Integral $T_n=\int_{0}^{\pi/2}x^{n}\ln(1+\tan x)\,dx$

A closed form for $T_n$ is $$T_n=\frac{\log{2}}{2(n+1)}\Big(\frac{\pi}{2}\Big)^{n+1} -\frac{n!}{2^{n+1}}\Big(\sum_{m=0}^n \frac{(\pi/2)^{n-m}}{(n-m)!}(1+(-1)^m)\sum_{k=0}^m \frac{(\pi/2)^{m-k}}{(m-k)!}(-1)^k\,d_k $$ $$ - \sum_{m=0}^n \frac{\pi^{n-m}}{(n-m)!}\sin{(\pi\,m/2)}\zeta(m+2)\,+\, \sin{(\pi\,n/2)}\text{Li}_{n+2}(-1)\, \Big)$$ where $$ d_k=\cos{(\pi\,k/2)}\Big(\frac{\psi^{(k+1)}(3/4) - \psi^{(k+1)}(1/4)}{2^{2k+4}(k+1)!} \Big)-\sin{(\pi\,k/2)}\,2^{-(k+2)}\, \text{Li}_{k+2}(-1).$$ The $\psi^{(k)}(x)$ are the derivatives of the polygamma function and $\text{Li}_{k}(x)$ is the polylogarithm. At argument -1 we know $$\text{Li}_{k+2}(-1)=-(1-2^{-(k+1)})\zeta(k+2).$$

As it is written it is easy to see that we break out of the class of zeta-evaluated-at-integers.
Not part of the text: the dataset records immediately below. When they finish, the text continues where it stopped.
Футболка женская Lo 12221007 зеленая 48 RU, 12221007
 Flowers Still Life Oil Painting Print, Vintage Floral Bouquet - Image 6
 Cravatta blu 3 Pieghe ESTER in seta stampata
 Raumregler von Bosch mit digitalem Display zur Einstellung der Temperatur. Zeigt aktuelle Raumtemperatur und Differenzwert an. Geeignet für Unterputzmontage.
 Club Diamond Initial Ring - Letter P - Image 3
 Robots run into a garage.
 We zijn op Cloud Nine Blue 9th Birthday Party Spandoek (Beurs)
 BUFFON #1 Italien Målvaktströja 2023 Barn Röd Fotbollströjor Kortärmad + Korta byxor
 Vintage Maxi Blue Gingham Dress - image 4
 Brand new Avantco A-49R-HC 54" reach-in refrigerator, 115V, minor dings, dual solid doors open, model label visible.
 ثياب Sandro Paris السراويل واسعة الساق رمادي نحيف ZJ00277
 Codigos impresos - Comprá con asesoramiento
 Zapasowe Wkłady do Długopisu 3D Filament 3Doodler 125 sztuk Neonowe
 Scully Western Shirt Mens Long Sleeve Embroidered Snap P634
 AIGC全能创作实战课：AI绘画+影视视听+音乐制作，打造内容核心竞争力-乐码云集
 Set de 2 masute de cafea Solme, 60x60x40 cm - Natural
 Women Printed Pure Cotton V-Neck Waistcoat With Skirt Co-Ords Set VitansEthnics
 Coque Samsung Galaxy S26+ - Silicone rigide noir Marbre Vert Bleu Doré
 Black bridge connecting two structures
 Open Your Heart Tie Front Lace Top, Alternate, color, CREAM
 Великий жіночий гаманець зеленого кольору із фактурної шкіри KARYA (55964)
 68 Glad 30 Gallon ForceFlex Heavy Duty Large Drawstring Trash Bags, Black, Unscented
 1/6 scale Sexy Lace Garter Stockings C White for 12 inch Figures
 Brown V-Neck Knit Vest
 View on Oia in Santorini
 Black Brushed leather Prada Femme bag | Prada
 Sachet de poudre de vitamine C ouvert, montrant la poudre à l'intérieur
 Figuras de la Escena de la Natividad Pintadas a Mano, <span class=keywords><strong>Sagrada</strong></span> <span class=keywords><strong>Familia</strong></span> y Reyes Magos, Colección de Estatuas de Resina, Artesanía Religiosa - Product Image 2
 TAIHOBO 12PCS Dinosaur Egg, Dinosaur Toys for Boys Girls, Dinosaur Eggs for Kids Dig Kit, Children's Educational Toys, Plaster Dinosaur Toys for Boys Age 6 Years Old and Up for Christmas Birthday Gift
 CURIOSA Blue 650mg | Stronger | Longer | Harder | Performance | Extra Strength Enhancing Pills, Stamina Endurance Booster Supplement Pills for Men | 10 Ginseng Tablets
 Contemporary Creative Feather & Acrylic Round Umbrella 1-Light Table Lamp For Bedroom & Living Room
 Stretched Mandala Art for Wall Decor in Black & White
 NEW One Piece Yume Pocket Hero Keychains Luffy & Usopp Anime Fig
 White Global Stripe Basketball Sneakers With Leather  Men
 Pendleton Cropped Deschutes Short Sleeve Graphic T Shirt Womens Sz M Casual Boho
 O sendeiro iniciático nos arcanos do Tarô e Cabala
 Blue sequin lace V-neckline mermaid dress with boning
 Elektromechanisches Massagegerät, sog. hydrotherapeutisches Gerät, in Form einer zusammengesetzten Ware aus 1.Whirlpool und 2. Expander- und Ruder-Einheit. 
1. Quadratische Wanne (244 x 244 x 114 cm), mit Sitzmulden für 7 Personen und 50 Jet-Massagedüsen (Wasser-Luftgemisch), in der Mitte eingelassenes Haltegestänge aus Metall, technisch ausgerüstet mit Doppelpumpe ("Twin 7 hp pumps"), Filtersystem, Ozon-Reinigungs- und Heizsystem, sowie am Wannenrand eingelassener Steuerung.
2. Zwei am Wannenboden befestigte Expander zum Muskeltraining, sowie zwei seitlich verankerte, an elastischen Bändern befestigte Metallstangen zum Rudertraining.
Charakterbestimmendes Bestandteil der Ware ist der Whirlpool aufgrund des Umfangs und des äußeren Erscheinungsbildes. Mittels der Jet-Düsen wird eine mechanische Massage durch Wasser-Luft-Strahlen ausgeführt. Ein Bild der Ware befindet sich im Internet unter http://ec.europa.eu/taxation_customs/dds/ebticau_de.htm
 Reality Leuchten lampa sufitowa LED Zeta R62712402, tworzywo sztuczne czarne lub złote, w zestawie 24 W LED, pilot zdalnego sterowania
For even $k$ the first term in the $d_k$ is all that remains and in fact $d_0=-G,$ where $G$ is Catalan's constant. I haven't worked with Clausen functions, but I suspect there is a way to relate the OP's relation to mine by using them.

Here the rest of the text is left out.